Glusterfs Distributed File System on Amazon EC2
A lot of people are using Amazon EC2 to build web site clusters. The EBS storage provided is quite reliable, but you still really need a clustered file-server to reliably present files to the servers.
Unfortunately AWS doesn’t support floating virtual IPs so the normal solutions of using nfs servers on a virtual IP managed by heartbeat or something is just not available. There is a cookbook for a Heath Robinson approach using vtunnel etc., but it has several problems not least its complexity.
Fortunately there’s glusterfs. Gluster is mainly built for very large scale, peta-byte, storage problems – but it has features that make glusterfs perfect as a distributed file system on amazon EC2:
- No extra meta-data server that would also need clustering
- Highly configurable, with a “stacked filter” architecture
- Not tied to any OS or kernel modules (except fuse)
- Open Source
I use ubuntu on EC2 so the rest of this article will focus on that, but gluster can be used with any OS that has a reliable fuse module.
I’ll show how to create a system with 2 file severs (known as “bricks”) in a mirrored cluster with lots of clients. All gluster config will all be kept centrally on the bricks.
At the time of writing the ubuntu packages are still in the 2.* branch (though v3.0.2 of gluster will be packaged into Ubuntu 10.4 “Lucid Lynx”) so I’ll show how to compile from source (other installation docs can be found on the gluster wiki but it tends to be a bit out of date).
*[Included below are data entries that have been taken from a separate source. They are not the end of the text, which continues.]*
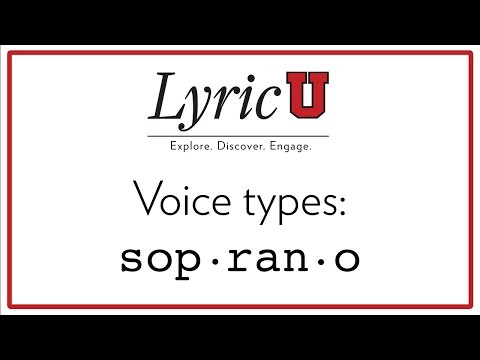 lyricu-presents---voice-types:-soprano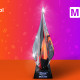 Amphenol SV DOY Award pr hires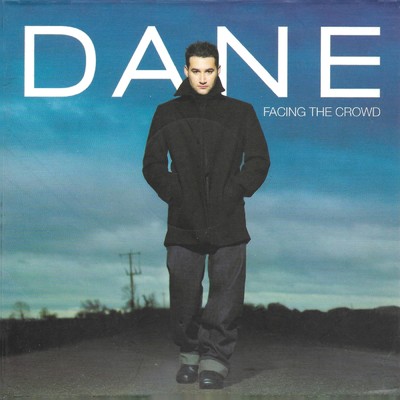 Shut Up ...And Forget About It (Radio Edit)/Dane Bowers
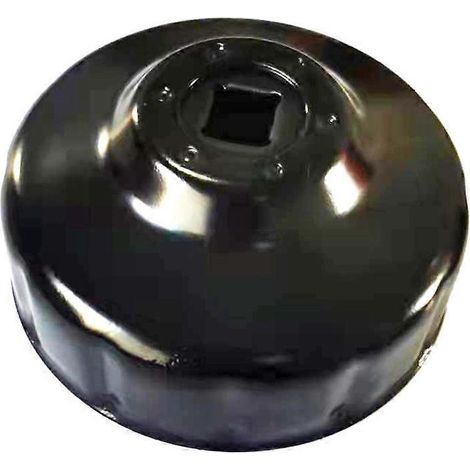 Clé de démontage du filtre à huile pour - R1200Gs, R1200R, R1200Rt--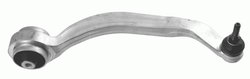 BRAT SUSPENSIE LEMFORDER 29856 01 - Compatibil cu AUDI, AUDI (FAW), SEAT, VW (SVW)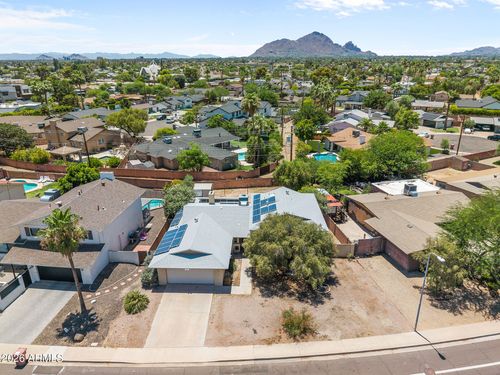 6420 N 86th St, Scottsdale, AZ, 85250-5709 | Card Image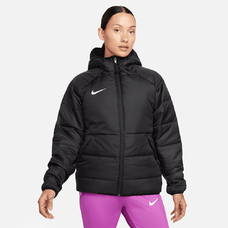 Therma-FIT Academy Pro Women's Jacket
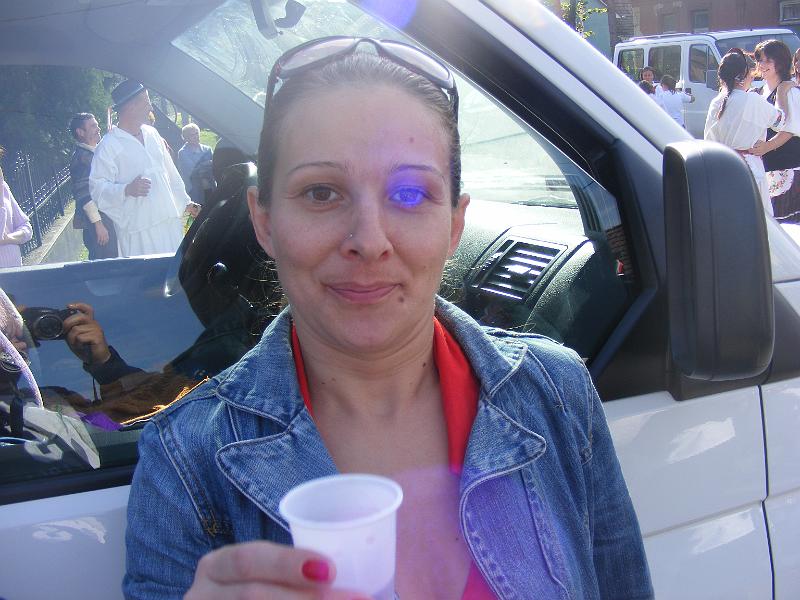 DSCF0136.JPG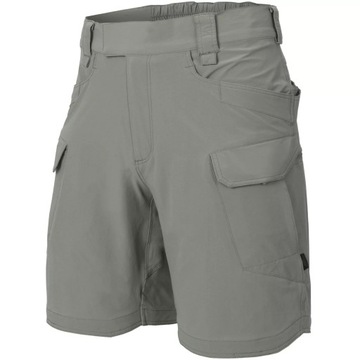 Spodenki Helikon OTS Outdoor 8,5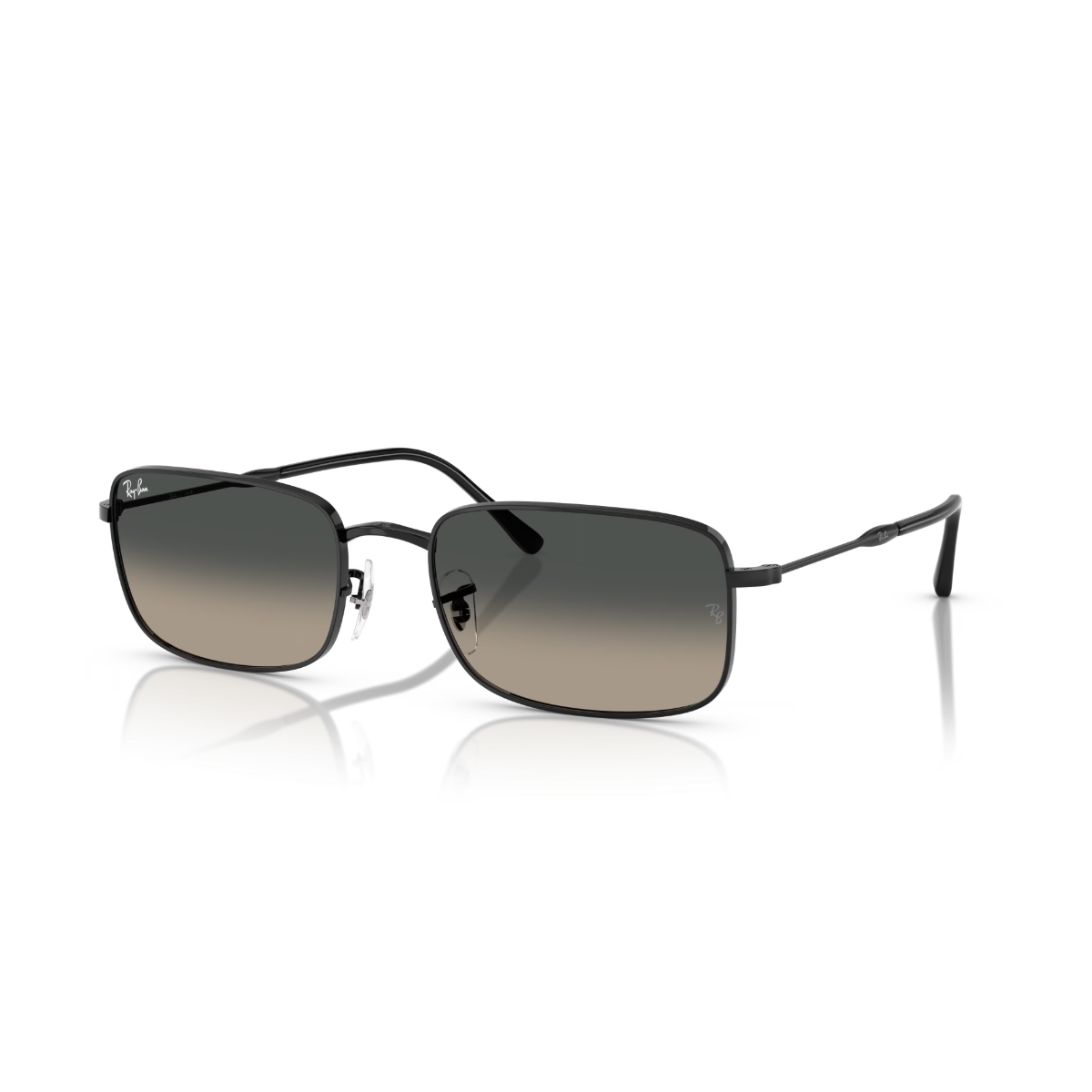 RB 3746 002/71 59 Ray-Ban Güneş Gözlüğü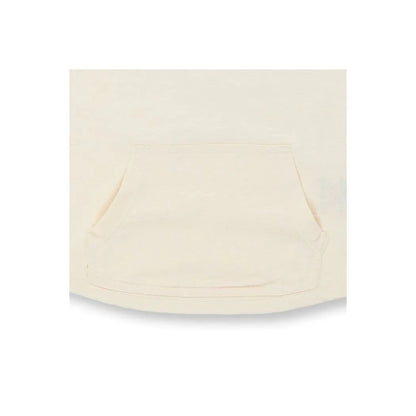 Baby T-Shirt mit Wal, Modell TAMO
To compile version 3.0.3 from the source at http://ftp.gluster.com/pub/gluster/glusterfs
apt-get update
apt-get -y install gcc flex bison
mkdir /mnt/kits
cd /mnt/kits
wget http://ftp.gluster.com/pub/gluster/glusterfs/3.0/3.0.3/glusterfs-3.0.3.tar.gz
tar fxz glusterfs-3.0.3.tar.gz
cd glusterfs-3.0.3
./configure && make && make install
ldconfig
Clean up the compilers:
apt-get -y remove gcc flex bison
apt-get autoremove
This is done on both the servers and clients as the codebase is the same for both, but on the client we should prevent the server from starting by removing the init scripts:
# only on the clients
rm /etc/init.d/glusterfsd
rm /etc/rc?.d/*glusterfsd
It’s also useful to put the logs in the “right” place by default on all boxes:
[ -d /usr/local/var/log/glusterfs ] && mv /usr/local/var/log/glusterfs /var/log || mkdir /var/log/glusterfs
ln -s /var/log/glusterfs /usr/local/var/log/glusterfs
And clear all config:
rm /etc/glusterfs/*
Ok, that’s all the software installed, now to make it work.
As I said above, gluster is configured by creating a set of “volumes” out of a stack of “translators”.
For the server side (the bricks) we’ll use the translators:
- storage/posix
- features/locks
- performance/io-threads
- protocol/server
and for the clients:
- protocol/client
- cluster/replicate
- performance/io-threads
- performance/io-cache
(in gluster trees the root is at the bottom).
I’ll assume you’ve configured an EBS partition of the same size on both bricks and mounted them as /gfs/web/sites/export
.
To export the storage directory, create a file /etc/glusterfs/glusterfsd.vol
on both bricks containing:
volume dir_web_sites
type storage/posix
option directory /gfs/web/sites/export
end-volume
volume lock_web_sites
type features/locks
subvolumes dir_web_sites
end-volume
volume export_web_sites
type performance/io-threads
option thread-count 64 # default is 1
subvolumes lock_web_sites
end-volume
volume server-tcp
type protocol/server
option transport-type tcp
option transport.socket.nodelay on
option auth.addr.export_web_sites.allow *
option volume-filename.web_sites /etc/glusterfs/web_sites.vol
subvolumes export_web_sites
end-volume
NB. the IP authentication line option auth.addr.export_web_sites.allow *
is safe on EC2 as you’ll be using the EC2 security zones to prevent others from accessing your bricks.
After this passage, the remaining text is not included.